How did that happen? A month and hot a single hike or walk. I thought perhaps it had been two weeks since my last journey down the S-Bahn but puh! not that long.

It was very warm and sun shining the whole day, enough so that Grunewald was awash in families, dogs, children, runners, cyclists, mushroom hunters and other despoilers of the autumn routine of the trees and animals. Woodpeckers were especially busy; mushrooms and other fungi not so as last time.
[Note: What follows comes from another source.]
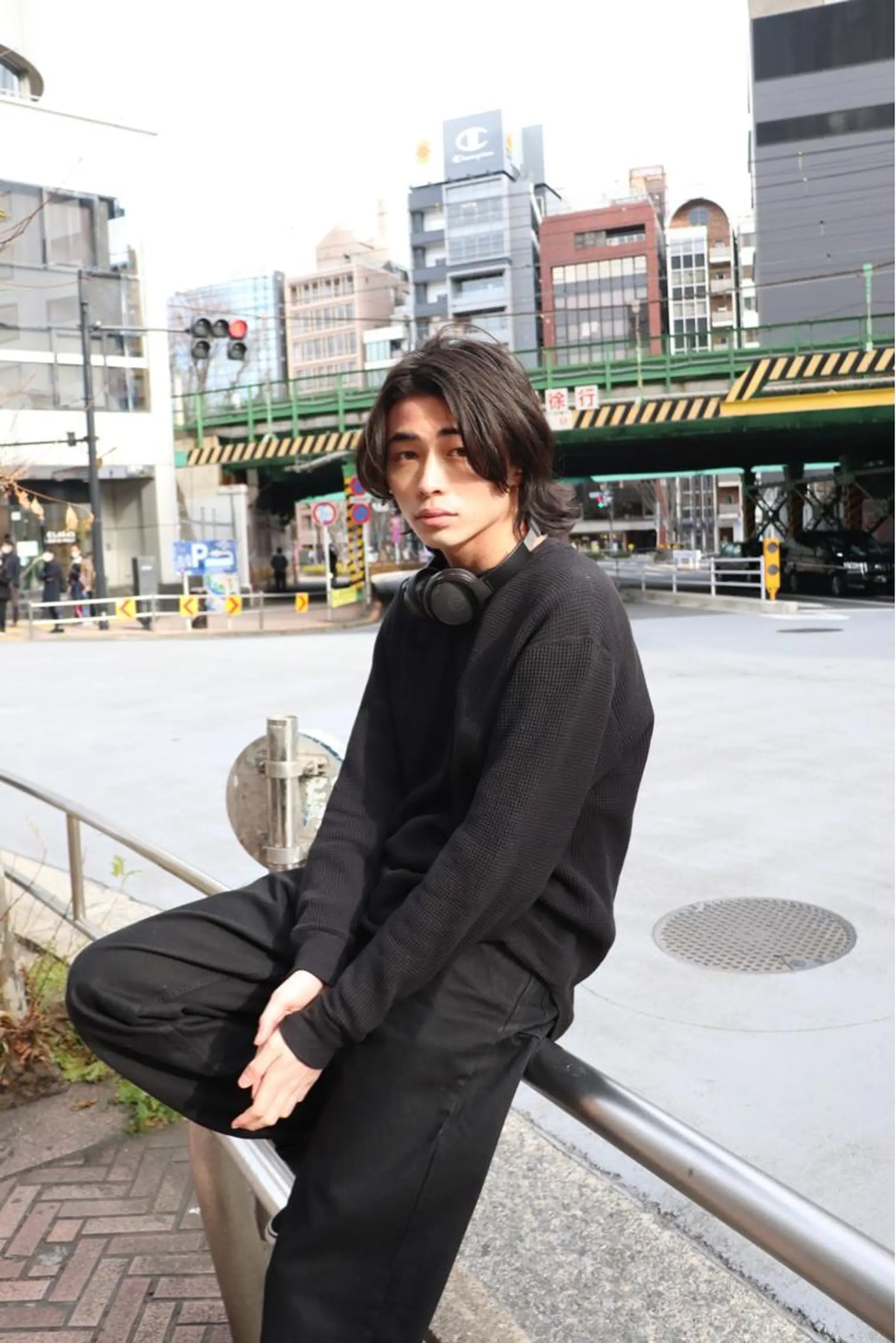 ショート パーマ ヘアアレンジ メンズ メンズバレイヤージュ メンズブリーチ センターパート フェードカット メンズハイライト ハイトーン/レイヤー 🌸さくらのヘアスタイル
I decided to walk slightly further west before veering off south-ish, skirting one of the small lakes and wetlands before gently looping around to arrive at Dahlemer Feld. I was aiming for Havelgraben, the cleft on the east side of the small hill that is Haveltor or berg, and somehow in my successful wandering found myself after an hour exactly where I’d started. I think that’s the first time ever I’ve found myself turned around like that. I decided to head in the direction of Nikolaisee instead, not trusting that I wouldn’t do a silly repeat of my circular walking, and so veered off in the other direction.

Grunewald is ruined by a dead straight line that gouges from its north-east corner to the south-west tip. Almost the longest distance between any two borders of the forest is on one side the somewhat harmless Kronprinzessinnenweg, a sealed road for those not feeling like wandering in the muck of trees, on the other the venerable S-Bahn, raised on its pile of stones, and in-between the obnoxiously loud and very Roman sounding Avus. Otherwise known as the E51 / 115. An autobahn.
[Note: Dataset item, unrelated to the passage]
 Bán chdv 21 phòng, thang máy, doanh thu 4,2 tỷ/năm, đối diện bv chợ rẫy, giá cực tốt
Not content to merely vandalise the centre of the forest, to make it impossible easy crossing from the heart of the woods to the lakes; being without noise barriers, it ceaselessly pollutes a kilometer-wide band on either side of its monument to personal selfishness with either a anxious, insistent rumble or unrestrained ear-tormenting blare, depending on one’s proximity.

Couldn’t they have at least buried it? As with all instances of trees coming into contact with urban planning though, nothing signals ‘coming in under budget’ like a single trunk, a copse or an entire Wald. Especially when the natives either side of said woods happen to of the class which approves such planning. (On that note, I can also happily say our Baum in Uferstrasse will remain. I wonder if anyone has told it the good news?)

Finding one way across, and with Schlachtensee in the unseen distance, I continued south with half-hearted attempts at wandering until being spat out at the S-Bahnhof. Not quite as enjoyable as last time, but utterly joyous in places. Nothing either rain or unfrolicsome cold wouldn’t fix. And I’ve barely begun to explore the whole forest. Some photos…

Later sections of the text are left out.